-------- DATA RECORDS

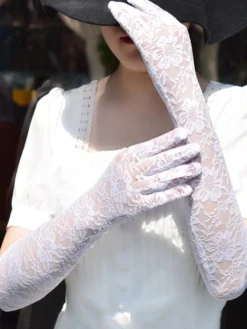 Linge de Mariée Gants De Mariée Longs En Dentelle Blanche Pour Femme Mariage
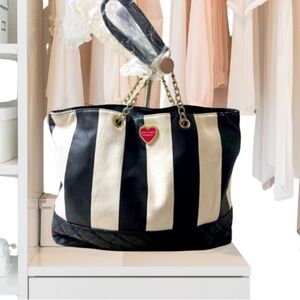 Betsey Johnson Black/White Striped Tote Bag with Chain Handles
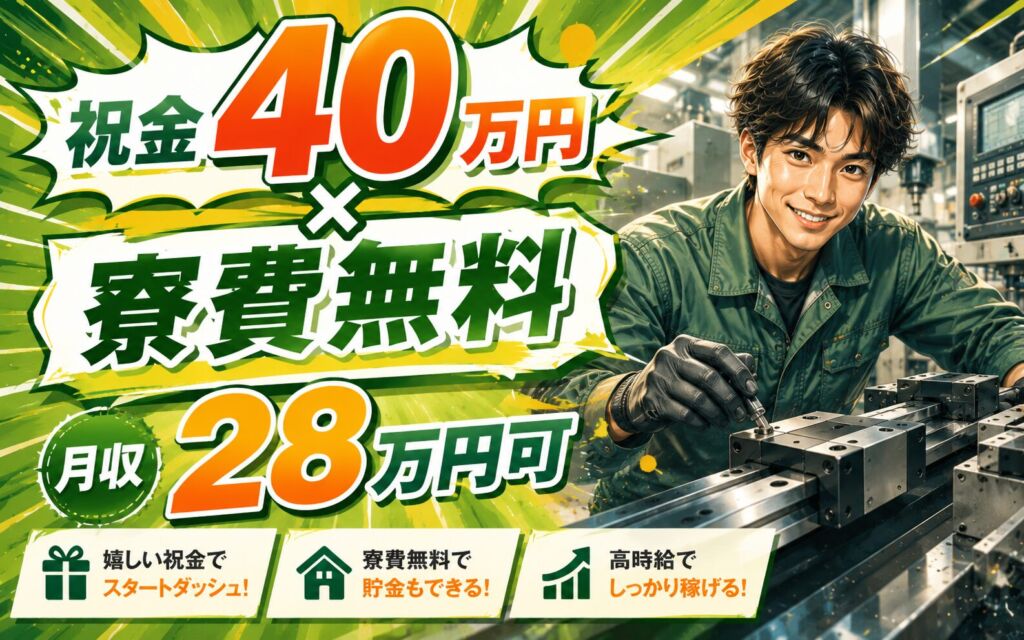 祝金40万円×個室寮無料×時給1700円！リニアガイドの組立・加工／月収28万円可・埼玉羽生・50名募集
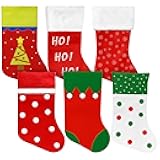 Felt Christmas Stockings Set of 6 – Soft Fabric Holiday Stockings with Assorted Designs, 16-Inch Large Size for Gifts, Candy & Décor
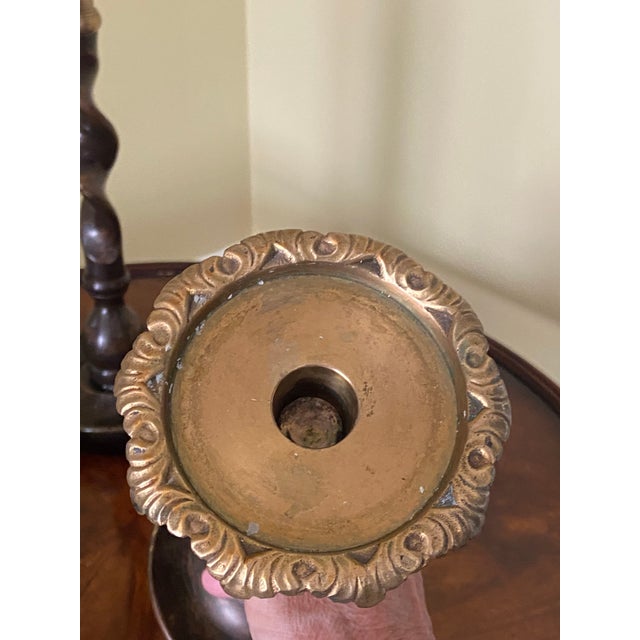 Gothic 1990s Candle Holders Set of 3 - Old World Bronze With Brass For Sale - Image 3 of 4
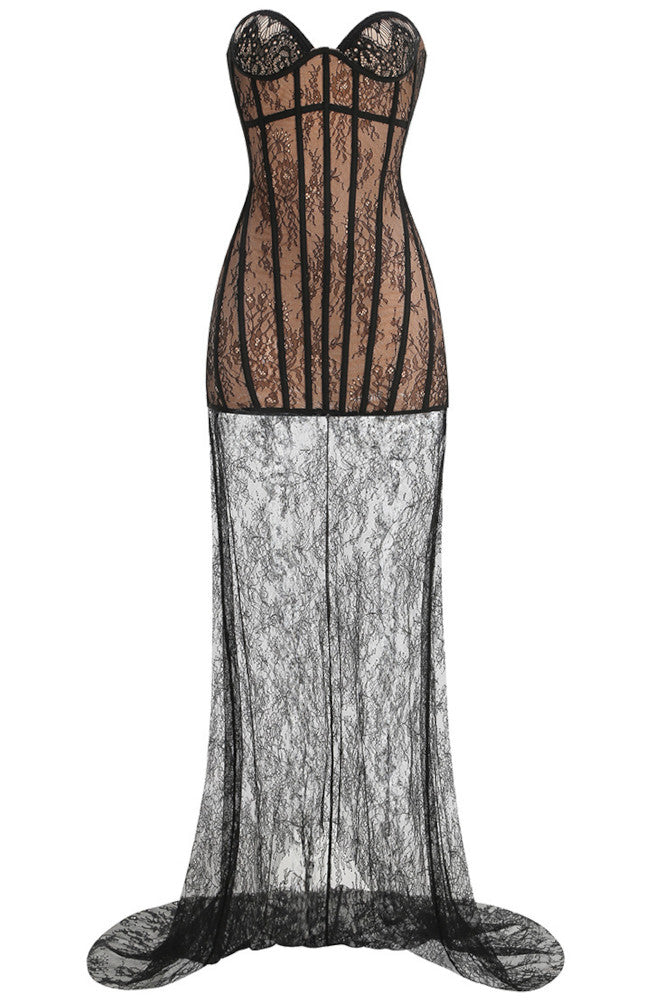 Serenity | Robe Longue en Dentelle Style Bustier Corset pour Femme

----------------

EXERCISE: Begin at the first line of the records. Print every line through the one containing "Felt Christmas Stockings" exactly, but skip the pictures.

EXERCISE SOLUTION:
 Linge de Mariée Gants De Mariée Longs En Dentelle Blanche Pour Femme Mariage
 Betsey Johnson Black/White Striped Tote Bag with Chain Handles
 祝金40万円×個室寮無料×時給1700円！リニアガイドの組立・加工／月収28万円可・埼玉羽生・50名募集
 Felt Christmas Stockings Set of 6 – Soft Fabric Holiday Stockings with Assorted Designs, 16-Inch Large Size for Gifts, Candy & Décor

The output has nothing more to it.